Charles Schumer, the senior senator from New York and the U.S. Senate majority leader, is getting behind new legislation which will decriminalize marijuana throughout the United States. The Cannabis Administration and Opportunity Act has been put forward as a draft bill. Senator Schumer backs the proposed new law.
Much has been made of the recent moves to legalize the use of marijuana in the U.S. But the changes have only come at the state level. In America, 45 states have now legalized the drug in some way, if only for medicinal purposes. Of these, 19 states and the District of Columbia have fully legalized the drug. New York recently joined the list.
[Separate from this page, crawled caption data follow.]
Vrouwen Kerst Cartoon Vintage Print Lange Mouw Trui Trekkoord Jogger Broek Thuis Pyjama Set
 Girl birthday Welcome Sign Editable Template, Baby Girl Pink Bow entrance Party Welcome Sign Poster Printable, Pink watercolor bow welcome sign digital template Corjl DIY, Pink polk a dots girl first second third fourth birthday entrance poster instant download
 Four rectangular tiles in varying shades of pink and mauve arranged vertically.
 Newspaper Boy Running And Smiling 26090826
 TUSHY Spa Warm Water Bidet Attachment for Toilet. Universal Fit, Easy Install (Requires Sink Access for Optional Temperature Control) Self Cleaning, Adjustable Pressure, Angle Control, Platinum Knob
But the problem is that the Federal government continues to classify marijuana as a class A drug, meaning that it is as illegal as heroin and cocaine. As a result, the local marijuana businesses in the states could still be prosecuted in some way by the federal government. And it is still a federal offense in America to transport marijuana across state lines. In addition, such businesses are barred from using any banks or banking services for their finances. Banks in America are federally regulated and may not allow the proceeds from what is still a federal crime to be deposited.
The new law is also being promoted as a way to deal with what many feel is racial discrimination in the enforcement of drug laws in America. African Americans are disproportionately affected by marijuana prosecutions.
“The War on Drugs has been a war on people— particularly people of color,” reads the draft of the new act. “The Cannabis Administration and Opportunity Act aims to end the decades of harm inflicted on communities of color by removing cannabis from the federal list of controlled substances and empowering states to implement their own cannabis laws.”
“Federal cannabis reforms are especially urgent as more and more states legalize the adult and medical use of cannabis,” states the draft. These changes represent a dynamic shift in public opinion and support across the political spectrum. Today, more than 90 percent of Americans believe cannabis should be legal either for adult or medical use. Despite legalization under state law and broad public support for cannabis legalization cannabis remains illegal under federal law.”
“It’s not just an idea whose time has come; it’s long overdue,” said Senator Schumer at a news conference in the Capitol. “We have all seen the agony of a young person arrested with a small amount of marijuana in his or her pocket. And because of the historical over-criminalization of marijuana, they have a very severe criminal record they have to live with their whole lives.”